AJISANE Pan Sharpening Algorithm

PANCROMA contains an implementation of the AJISANE transform. This algorithm is similar in some ways to the HSI algorithm. It is capable of transforming any number of spectral channels into an orthogonal color space qualified by an intensity vector. As a result, it is possible to transform the blue, green, red, and near infrared (NIR) bands into the AJISANE space, substitute the panchromatic band for the intensity band, and then reverse transform back to RGB space.

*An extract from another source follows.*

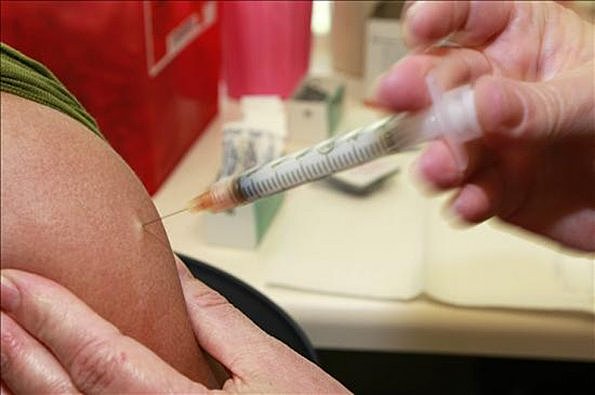 VACUNA QUE REDUCE EL RIESGO DE CONTRAER EL SIDA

The advantage of such a four-dimensional transform is that some panchromatic bands (notably Landsat) overlap into the NIR band. As a result, substitution of the panchromatic band for the intensity band in the HSI algorithm can result in spectral distortions. Because the AJISANE space can contain NIR information as well as RGB information, this type of spectral distortion can be reduced. AJISANE is more memory expensive than XIONG, the other PANCROMA five-file pan sharpening method. However, it can offer an alternative for those cases where the use of XIONG results in unwanted artifacts as described in a previous article.

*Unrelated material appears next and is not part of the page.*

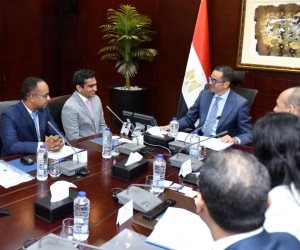 وزير الاستثمار والتجارة الخارجية يلتقي وفد مجموعة استوال الصناعية الهندية لبحث فرص ومقومات الاستثمار بالسوق المصرية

To use the AJISANE transform, open five band files as in XIONG processing by selecting 'File' | 'Open', opening the blue, green, red, panchromatic, and near infrared bands in this exact order. As always, the band files must all be of exactly the same dimensions and the panchromatic band must be a 2X, 3X, 4X or 6X multiple of the band file sizes. When the files are open, select 'Pan Sharpening' | 'AJISANE Transform'. The Pan Sharpening Input box will become visible. You must input the number of interpolation iterations using the drop-down combo box. PANCROMA will automatically select Laplacian interpolation for any panchromatic file size greater than 2X and will assign a default interpolation factor of 10. If you wish to assign more Laplacian iterations, or if you wish to add Thin Plate iterations you must check the 'Activate Image Processing Routines' check box on the Main Window. When you do so, you can check the 'Thin Plate Check Box' and assign Thin Plate iterations. When you are finished, click on the 'Process Image' check box. After some processing time, your pan sharpened image will be computed. If you have left the 'Display Pan Sharpened Image' check box checked, your image will be displayed. This method of pan sharpening, like the Brovey, can result in images that are a bit dark. If this is the case, you can brighten the image by checking the ' Enable Channel Level Adjust' on the Image Processing Data Input box.

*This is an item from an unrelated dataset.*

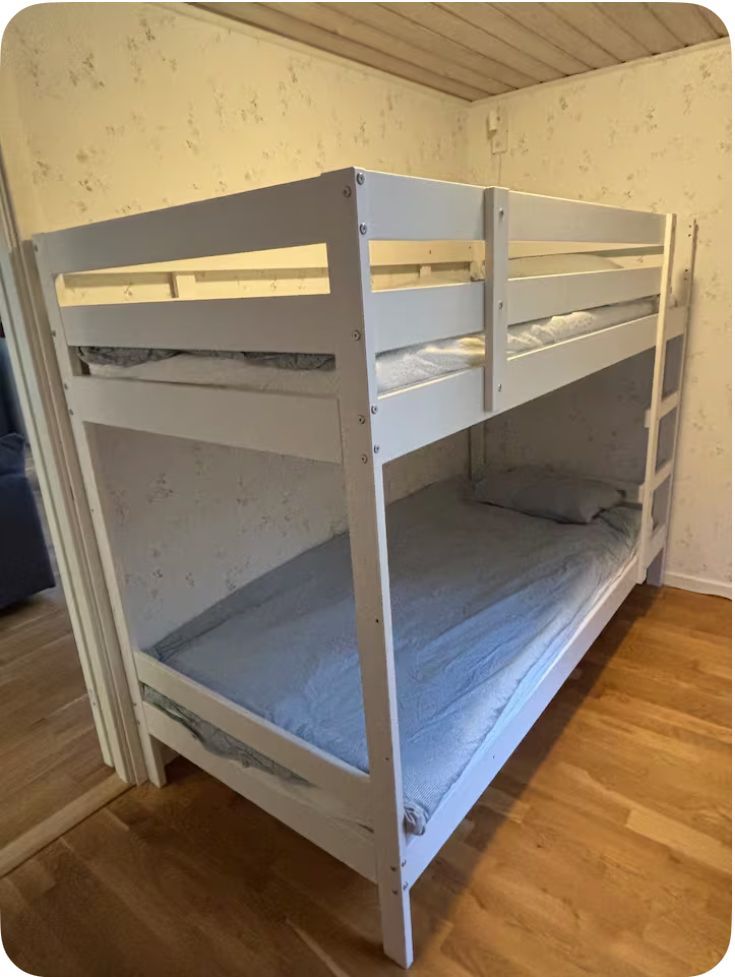 Mysig stuga vid en sjö med egen brygga – bild 9 av 18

An example of a pan sharpened image using this method is shown to the right. In addition to adding ten units of brightness to each channel as described above, I also used the sharpening and contrast adjustment utilities on the Image Processing Data Input box. The color quality is fairly good, as can be seen by comparing the pan sharpened image with the RGB color composite from the three band files (second image to the right).